El General frunce el ceño viéndola serio ante tal estupidez que menciono ¿Fe? Que tonterías decía está mujer. La fe es para débiles, de gente de mente débil.
– ¿Sabes qué eso es una estupidez? – Dice molesto e incrédulo viendo como ella rodaba sus ojos en fastidio. El gestó lo ofendió pero aún así mantuvo su compostura.
–No es estupidez en creer en mis compañeros. Se que lo lograran. –Dice calmada.
–Es un cretino. –Pensaba Nya observando al General, era bastante alto aunque no le sorprende es un ser sobrenatural después de todo.
Ahora que lo pensaba, no sabía cuál era el nombre de esté hombre piedra. Se quedaron observándose en silenció hasta que le pregunta.
– ¿Cómo te llamas? –Pregunto curiosa dejando de lado su molestia.
– ¿Pensé qué ya lo sabias? Mujer. –Dice frunciendo el ceño.
–Lo siento pero no tenía tiempo de aprenderme los nombres porque ayudaba a mí equipo en sus entrenamientos y por cierto, me llamo Nya, no me llames mujer. – Dice un poco seria.
–Me llamo Kozu. Señorita Nya. –Decía serio con voz modelada e baja, sorprendiendo a la mujer de haberle respondido cortes, tampoco era un grosero al presentarse.
–Bueno…hum… Me gusta tu nombre. –Dice un poco sonrojada mientras intuitivamente se corría un mechón de cabello oscuro detrás de su oreja, no esperaba que él le respondiera amable y dijera su nombre. ¿Por qué se siente avergonzada? Esos ojos verdes la veían sin apartarse ni un segundo. Siente su rostro calentarse. ¿Se estaba ruborizando? Bueno tiene que admitir que es algo lindo pero… ¡Pero es el malo!
–Maldición ¿Qué estoy haciendo?. – Piensa desviando su rostro con vergüenza.
Frunce el ceño, extrañado ante la mirada repentina e tímida y avergonzada de la mujer ¿Se sentirá mal? La observa en silenció de nuevo, ella había apartado su mirada de él, algo que le sorprende siendo que ella era bastante desafiante, se sintió extrañó que no lo mirara, ¿Por qué no lo mira?
–Mírame. –Ordeno serio esperando que ella obedeciera pero ve molesto como la mujer retrocedía ignorándolo y volviendo a sentarse en su lugar lejos de los barrotes. ¿Por qué tan repentino cambio de actitud? Sin más voltea e se aleja de la celda molesto, tenía cosas más importantes que hacer que perder el tiempo con esa mujer.
Nya voltea e ve como el General se alejaba, sentía su rostro caliente ¿Por qué demonios se sintió cautivada por él?
– Es el enemigo, no puedo sentir nada por él, apenas lo conozco además estoy con Jay. –Murmuro molesta desviando su mirada, realmente esto era una locura.

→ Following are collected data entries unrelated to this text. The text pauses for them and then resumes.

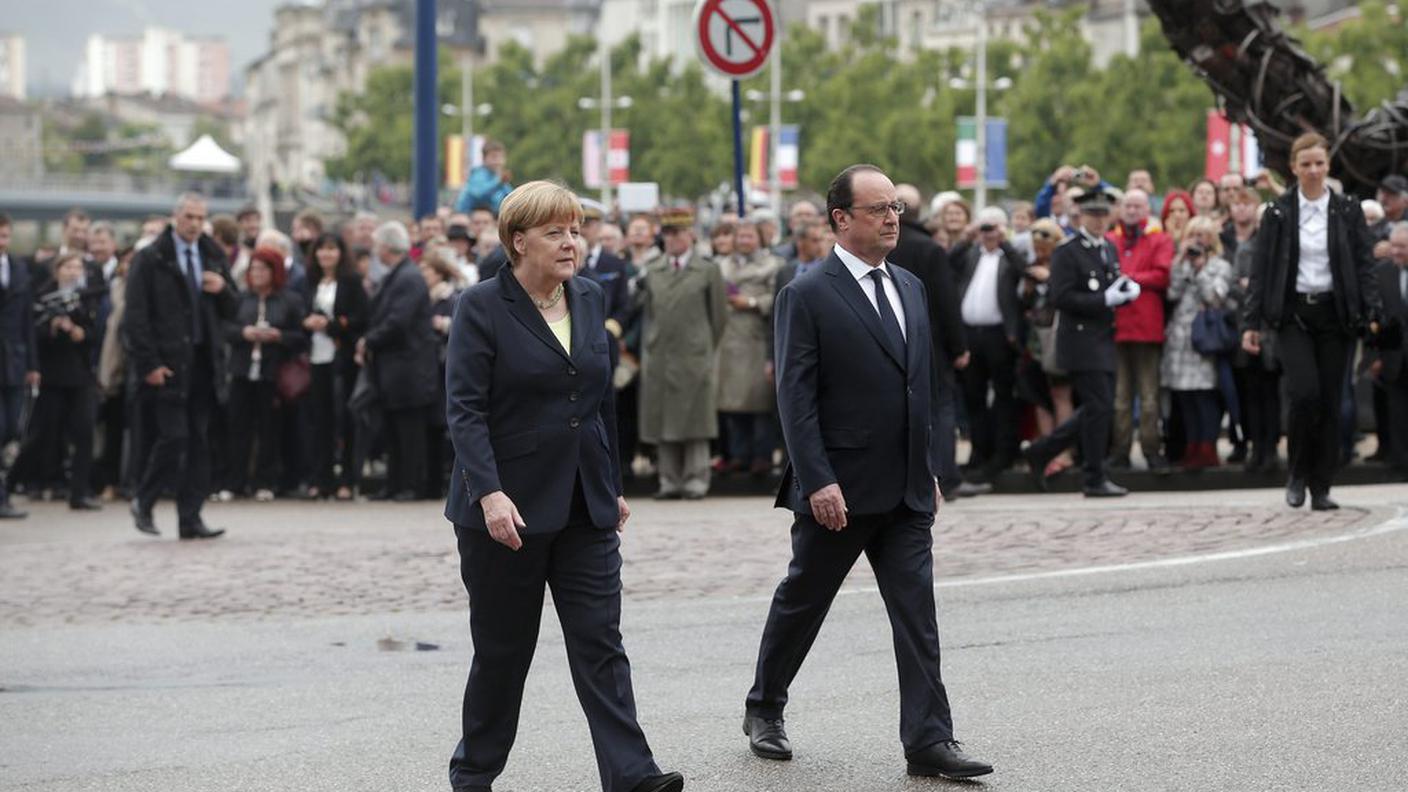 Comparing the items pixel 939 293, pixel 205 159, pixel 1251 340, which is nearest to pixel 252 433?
pixel 939 293

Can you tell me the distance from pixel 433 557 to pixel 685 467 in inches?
159

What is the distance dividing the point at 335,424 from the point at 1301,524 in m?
8.37

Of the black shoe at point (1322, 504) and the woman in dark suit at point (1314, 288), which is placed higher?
the woman in dark suit at point (1314, 288)

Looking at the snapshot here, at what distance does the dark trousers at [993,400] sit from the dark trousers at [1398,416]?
8.19 ft

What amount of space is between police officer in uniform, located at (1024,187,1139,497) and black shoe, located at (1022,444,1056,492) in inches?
22.1

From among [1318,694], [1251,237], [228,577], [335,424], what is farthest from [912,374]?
[335,424]

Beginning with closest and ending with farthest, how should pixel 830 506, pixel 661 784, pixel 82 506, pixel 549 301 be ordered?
pixel 661 784, pixel 549 301, pixel 830 506, pixel 82 506

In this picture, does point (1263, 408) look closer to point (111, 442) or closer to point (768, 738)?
point (111, 442)

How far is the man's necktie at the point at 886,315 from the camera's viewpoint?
792 cm

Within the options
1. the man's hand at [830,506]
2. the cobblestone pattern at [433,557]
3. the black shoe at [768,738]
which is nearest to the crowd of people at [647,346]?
the cobblestone pattern at [433,557]

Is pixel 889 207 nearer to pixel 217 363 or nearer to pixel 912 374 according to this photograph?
pixel 912 374

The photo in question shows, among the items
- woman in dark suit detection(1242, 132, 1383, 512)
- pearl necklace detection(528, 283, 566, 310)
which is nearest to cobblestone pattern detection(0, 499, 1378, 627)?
woman in dark suit detection(1242, 132, 1383, 512)

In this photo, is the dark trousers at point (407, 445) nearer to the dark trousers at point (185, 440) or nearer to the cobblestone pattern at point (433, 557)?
the cobblestone pattern at point (433, 557)

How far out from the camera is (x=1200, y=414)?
17.0 m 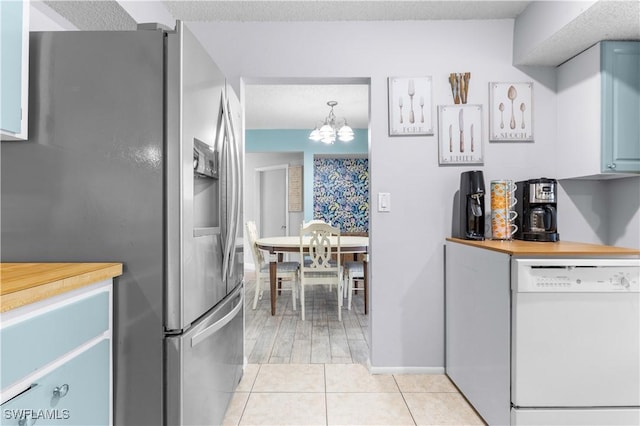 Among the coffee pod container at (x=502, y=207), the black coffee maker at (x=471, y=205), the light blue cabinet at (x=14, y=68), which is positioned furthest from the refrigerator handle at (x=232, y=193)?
the coffee pod container at (x=502, y=207)

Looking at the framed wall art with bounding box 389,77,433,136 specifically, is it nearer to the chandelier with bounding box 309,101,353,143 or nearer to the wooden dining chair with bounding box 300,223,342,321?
the wooden dining chair with bounding box 300,223,342,321

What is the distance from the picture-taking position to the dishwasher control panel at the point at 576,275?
1.51 metres

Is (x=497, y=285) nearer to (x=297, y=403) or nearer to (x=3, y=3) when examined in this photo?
(x=297, y=403)

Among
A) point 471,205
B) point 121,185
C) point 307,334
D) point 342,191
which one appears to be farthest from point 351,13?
point 342,191

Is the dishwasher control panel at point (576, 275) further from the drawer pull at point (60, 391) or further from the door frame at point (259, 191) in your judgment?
the door frame at point (259, 191)

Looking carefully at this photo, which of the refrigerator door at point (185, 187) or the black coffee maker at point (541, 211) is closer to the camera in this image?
the refrigerator door at point (185, 187)

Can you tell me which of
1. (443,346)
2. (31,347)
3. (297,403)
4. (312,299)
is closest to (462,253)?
(443,346)

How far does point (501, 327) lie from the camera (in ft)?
5.34

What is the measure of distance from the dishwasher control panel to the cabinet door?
30.3 inches

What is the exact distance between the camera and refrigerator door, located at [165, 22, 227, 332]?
4.30 ft

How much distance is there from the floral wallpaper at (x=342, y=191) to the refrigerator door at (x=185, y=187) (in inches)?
193

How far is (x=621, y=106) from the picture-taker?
1993mm

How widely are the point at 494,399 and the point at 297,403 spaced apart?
1026mm

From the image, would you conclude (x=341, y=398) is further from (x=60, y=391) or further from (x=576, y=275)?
(x=60, y=391) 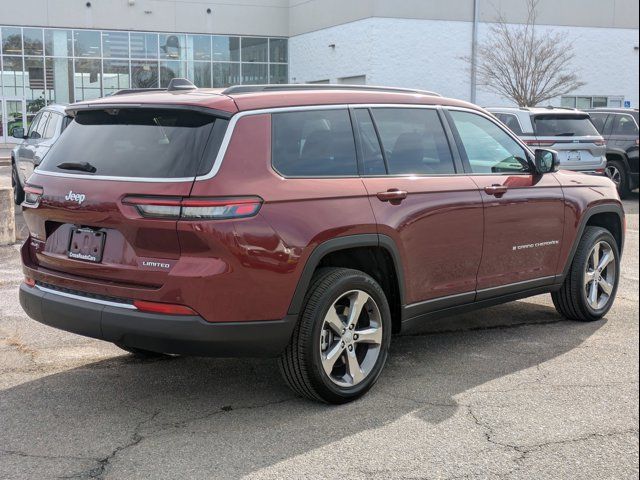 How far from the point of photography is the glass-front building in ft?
113

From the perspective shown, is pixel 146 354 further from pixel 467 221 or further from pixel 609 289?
pixel 609 289

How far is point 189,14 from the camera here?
3597 centimetres

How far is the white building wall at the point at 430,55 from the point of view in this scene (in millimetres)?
31609

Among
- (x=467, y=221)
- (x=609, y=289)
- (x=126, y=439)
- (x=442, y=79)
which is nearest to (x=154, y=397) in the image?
(x=126, y=439)

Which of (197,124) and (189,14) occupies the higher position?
(189,14)

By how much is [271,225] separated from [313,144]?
68cm

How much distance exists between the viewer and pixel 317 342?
430 cm

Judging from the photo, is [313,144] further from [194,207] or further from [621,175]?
→ [621,175]

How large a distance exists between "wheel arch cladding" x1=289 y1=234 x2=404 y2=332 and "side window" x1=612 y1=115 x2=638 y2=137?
45.7 feet

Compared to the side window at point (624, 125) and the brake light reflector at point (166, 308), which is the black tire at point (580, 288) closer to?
the brake light reflector at point (166, 308)

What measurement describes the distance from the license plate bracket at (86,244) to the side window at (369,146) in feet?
5.16

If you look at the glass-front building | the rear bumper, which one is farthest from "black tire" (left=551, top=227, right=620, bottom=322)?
the glass-front building

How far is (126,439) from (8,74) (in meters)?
34.0

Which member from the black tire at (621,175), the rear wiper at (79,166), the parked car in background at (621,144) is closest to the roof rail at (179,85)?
the rear wiper at (79,166) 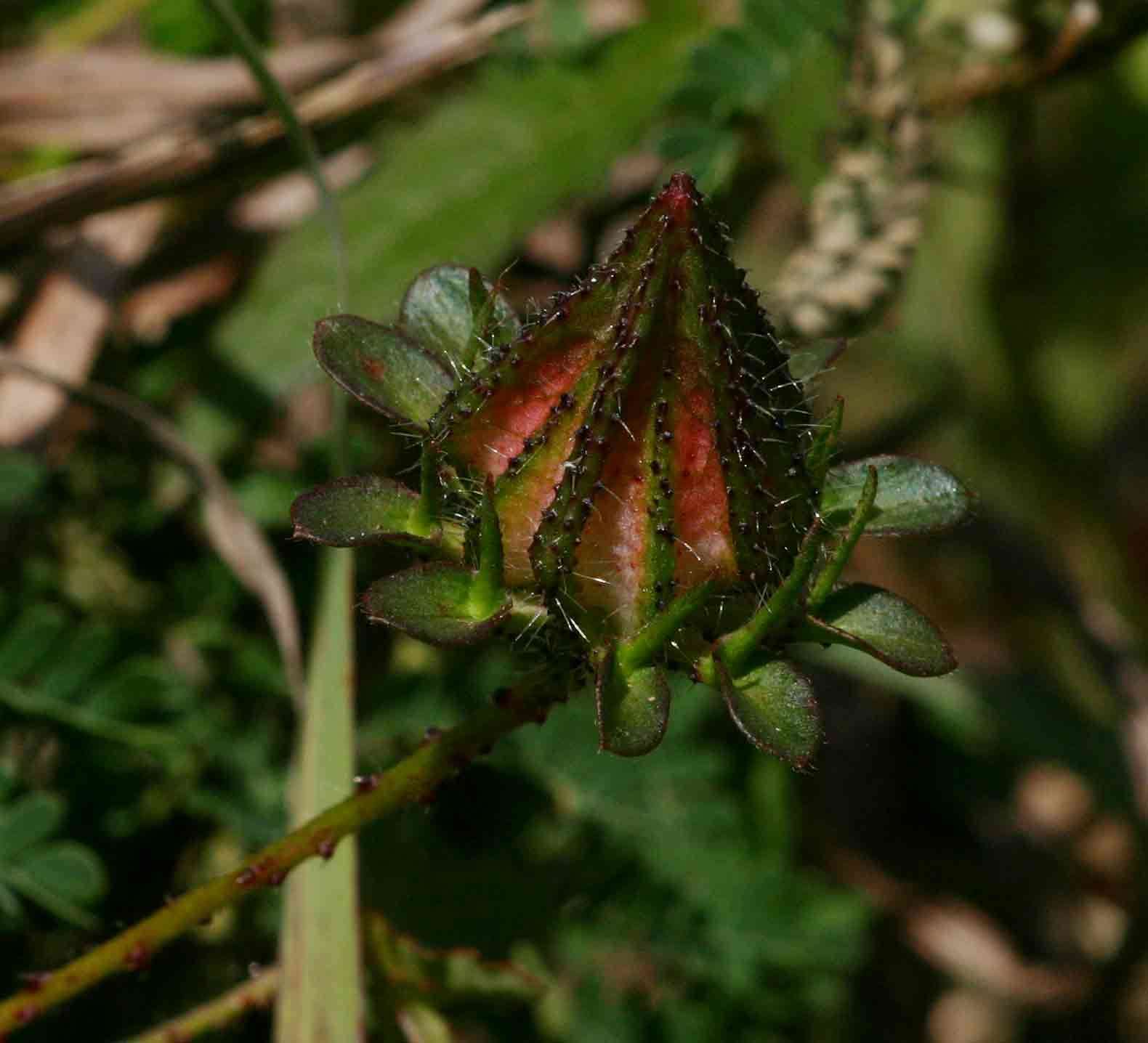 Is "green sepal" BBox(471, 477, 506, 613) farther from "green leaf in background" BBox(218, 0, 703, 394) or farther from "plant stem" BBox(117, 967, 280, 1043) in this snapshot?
"green leaf in background" BBox(218, 0, 703, 394)

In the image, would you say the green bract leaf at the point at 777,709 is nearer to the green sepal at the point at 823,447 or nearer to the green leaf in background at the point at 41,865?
the green sepal at the point at 823,447

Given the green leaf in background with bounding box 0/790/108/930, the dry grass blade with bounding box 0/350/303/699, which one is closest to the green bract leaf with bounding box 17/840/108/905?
the green leaf in background with bounding box 0/790/108/930

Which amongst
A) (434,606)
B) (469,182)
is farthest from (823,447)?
(469,182)

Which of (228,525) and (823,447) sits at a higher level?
(228,525)

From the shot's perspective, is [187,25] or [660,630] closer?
[660,630]

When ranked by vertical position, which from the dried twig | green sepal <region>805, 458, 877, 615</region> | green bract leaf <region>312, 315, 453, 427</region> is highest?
the dried twig

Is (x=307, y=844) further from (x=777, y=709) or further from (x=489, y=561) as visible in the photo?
(x=777, y=709) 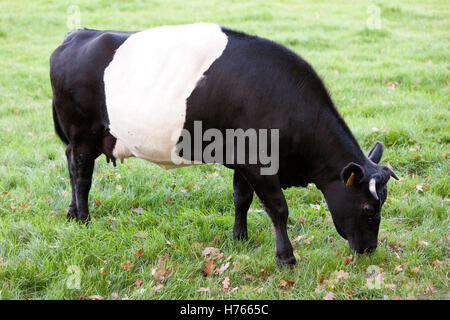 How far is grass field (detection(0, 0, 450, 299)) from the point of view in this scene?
377 centimetres

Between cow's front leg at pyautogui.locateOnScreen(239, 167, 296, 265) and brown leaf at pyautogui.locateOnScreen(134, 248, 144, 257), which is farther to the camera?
brown leaf at pyautogui.locateOnScreen(134, 248, 144, 257)

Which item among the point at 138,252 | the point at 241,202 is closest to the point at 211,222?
the point at 241,202

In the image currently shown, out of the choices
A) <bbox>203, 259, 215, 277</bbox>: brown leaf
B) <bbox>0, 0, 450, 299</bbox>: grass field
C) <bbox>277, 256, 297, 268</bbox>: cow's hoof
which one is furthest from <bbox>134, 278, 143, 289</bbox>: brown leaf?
<bbox>277, 256, 297, 268</bbox>: cow's hoof

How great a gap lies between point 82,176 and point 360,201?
2753 mm

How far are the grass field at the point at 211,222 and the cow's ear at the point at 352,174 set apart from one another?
2.66 ft

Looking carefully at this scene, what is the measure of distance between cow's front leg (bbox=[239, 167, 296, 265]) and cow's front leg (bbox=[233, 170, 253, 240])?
1.76 ft

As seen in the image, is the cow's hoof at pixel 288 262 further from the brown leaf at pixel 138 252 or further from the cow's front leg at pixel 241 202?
the brown leaf at pixel 138 252

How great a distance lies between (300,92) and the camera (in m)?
3.78

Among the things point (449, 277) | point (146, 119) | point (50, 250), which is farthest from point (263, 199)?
point (50, 250)

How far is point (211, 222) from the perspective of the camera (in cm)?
473

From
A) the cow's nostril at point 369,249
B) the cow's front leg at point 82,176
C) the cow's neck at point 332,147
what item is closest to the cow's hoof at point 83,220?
the cow's front leg at point 82,176

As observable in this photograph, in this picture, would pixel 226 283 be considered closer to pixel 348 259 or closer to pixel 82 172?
pixel 348 259

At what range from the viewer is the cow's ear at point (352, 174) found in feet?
11.6

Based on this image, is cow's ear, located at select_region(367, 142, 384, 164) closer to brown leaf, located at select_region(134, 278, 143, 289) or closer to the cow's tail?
brown leaf, located at select_region(134, 278, 143, 289) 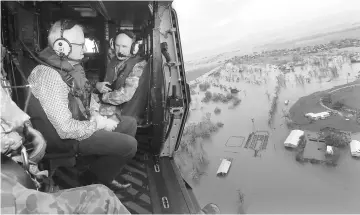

En el otro lado el General Kozu pensaba lo mismo que ella y le irritaba porque se sentía así. Era su enemigo, no tiene porque sentirse cautivado ante esa mujer pero aún así ahora le era inquietante verla encerrada. ¿Por qué le preocupaba tan de repente?
¿Algo le ha hecho esa mujer? Voltea un momento observándola de reojo, realmente era extraño sentirse así. En especial siendo alguien que supuestamente no tendría que sentir sentimientos e empatia.